4. Beyond the Lights (2014) A superstar singer, played by Gugu Mbatha-Raw, struggles to assert her identity and find her voice in the high stakes world of the music industry as her mother (the brilliantly brittle Minnie Driver) ruthlessly orchestrates her career. A policeman assigned to protect the singer helps her find her true self and, in doing so, their love. It’s a super corny plot, but is surprisingly enjoyable and moving.

5. Blue Valentine (2010) This tenderly poignant film, starring Ryan Gosling and Michelle Williams, shows the devolution of love, despite best intentions. We see, in flashbacks, how the couple charmingly met, fell in love and then out of it. It’s ruefully romantic with touching performances by Gosling and Williams.

6. Bridget Joness Diary (2001) This is the Queen Mother of funny chick flicks that gives hope to all those singletons still searching for love. Bridget Jones (Renee Zellweger) is a hot-mess who takes charge of her sloppy life and thinks she’s in love with her incorrigible, flirty boss (Hugh Grant) before seeing the truth. It is in fact the awkward lawyer (Colin Firth) who is her true match.

7. Brokeback Mountain (2005) This movie is intimate, epic, passionate, and devastating. It resonates with gays and straights alike who contemplate the awfulness of being forever denied your true love. Jake Gyllenhaal and Heath Ledger star as the cowboys whose forbidden love is doomed in this beautiful and critically acclaimed film by Ang Lee.

8. Hero (2002) This movie, set in ancient China, is visually stunning and unfolds with a series of clever narrative surprises. Passions are writ on the grandest of scales in this tale about love and revenge that blends magic and martial arts together. Starring Jet Li, Tony Chiu Wai Leung, and Maggie Cheung, this movie’s epic sweep is dazzling.
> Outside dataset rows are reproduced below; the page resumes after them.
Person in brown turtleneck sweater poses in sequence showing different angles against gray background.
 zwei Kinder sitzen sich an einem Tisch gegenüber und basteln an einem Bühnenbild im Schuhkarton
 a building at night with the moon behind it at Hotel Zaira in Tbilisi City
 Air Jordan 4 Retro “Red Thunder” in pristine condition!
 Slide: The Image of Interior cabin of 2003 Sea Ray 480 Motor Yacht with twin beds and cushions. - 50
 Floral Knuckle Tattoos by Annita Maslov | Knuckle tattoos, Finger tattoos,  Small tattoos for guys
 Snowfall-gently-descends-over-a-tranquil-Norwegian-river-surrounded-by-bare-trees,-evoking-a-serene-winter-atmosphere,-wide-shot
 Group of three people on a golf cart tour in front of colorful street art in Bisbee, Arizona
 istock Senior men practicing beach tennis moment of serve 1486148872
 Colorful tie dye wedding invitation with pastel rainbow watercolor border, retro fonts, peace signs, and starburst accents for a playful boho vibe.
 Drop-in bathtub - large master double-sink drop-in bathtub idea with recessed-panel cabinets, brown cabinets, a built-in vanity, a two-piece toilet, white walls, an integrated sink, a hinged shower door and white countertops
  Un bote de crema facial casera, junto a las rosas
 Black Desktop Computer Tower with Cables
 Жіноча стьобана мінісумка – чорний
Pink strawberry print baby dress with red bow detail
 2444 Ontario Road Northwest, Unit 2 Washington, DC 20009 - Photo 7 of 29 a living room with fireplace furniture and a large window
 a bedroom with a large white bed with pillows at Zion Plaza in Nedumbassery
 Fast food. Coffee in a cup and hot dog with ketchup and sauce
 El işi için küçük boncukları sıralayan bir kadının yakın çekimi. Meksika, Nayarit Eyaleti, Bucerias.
9. Le Week-End (2013) A British couple (Lindsay Duncan and Jim Broadbent) celebrating their 30th wedding anniversary returns to Paris and throughout the holiday weekend churns up a lifetime’s worth of love, pain, complaints, expectations, and yearning. This charming study on love dares to show it in equal doses of wit, regret and truth.

10. Lost in Translation (2003) Sofia Coppola’s story of two people making an undeniable and unlikely connection stars Bill Murray as an actor past his prime and Scarlett Johansson as a recent college grad. Smart and adrift, they meet at a Tokyo hotel lounge, hit it off and spend a few days together talking, drinking, singing karaoke and enjoying the sparks of their attraction.

11. People Places Things (2015) This wry, insightful film muses on the mercurial nature of love and touches a subject— post love and co-parenting — usually avoided. Flight of the Conchords actor Jemaine Clement plays a bewildered husband whose wife abruptly leaves him for an off-Broadway monologist. As a man struggling to make sense of his broken marriage and master the new demands of co-parenting, he delivers a marvelous performance.

12. A Room With a View (1985) This Edwardian Merchant-Ivory costume classic is filmed with the producer-director duo’s trademark lavish beauty and finesse. Helena Bonham Carter is Lucy Honeychurch, a young woman chaperoned by her spinster relation (Maggie Smith) on a visit to Tuscany. There she meets the dashing George Emerson (Julian Sands), but is whisked away after he steals a kiss. Back in England, Lucy’s independent spirit triumphantly leads her back to George, requiring her to break off her engagement to fussy fiancé Cecil Vyse (Daniel Day-Lewis).

13. The Sound of Music (1965) The Oscar-winning Rodgers and Hammerstein musical set in Nazi-Austria is iconic cinema at its unabashedly most romantic. Maria the governess (Julie Andrews) falls in love with her employer (Christopher Plummer) and wins the hearts of his entire brood of children. There’s so much to love about this film loaded with unforgettable moments: Liesel and Rolf dancing in the gazebo, the fabulous Eleanor Parker as the worldly-wise Baroness gamely trying to play ball with the children, Maria and Captain von Trapp dancing on the patio.

14. Wings of Desire (1987) Stylish, thoughtful and sleek, this Wim Wenders movie set in Berlin follows Damiel, an angel willing to give up eternal life in exchange for being able to meet Marion, a lonely trapeze artist he’s fallen for. When they finally meet at a club (where Nick Cave is performing) they know that they’ve met their soulmates.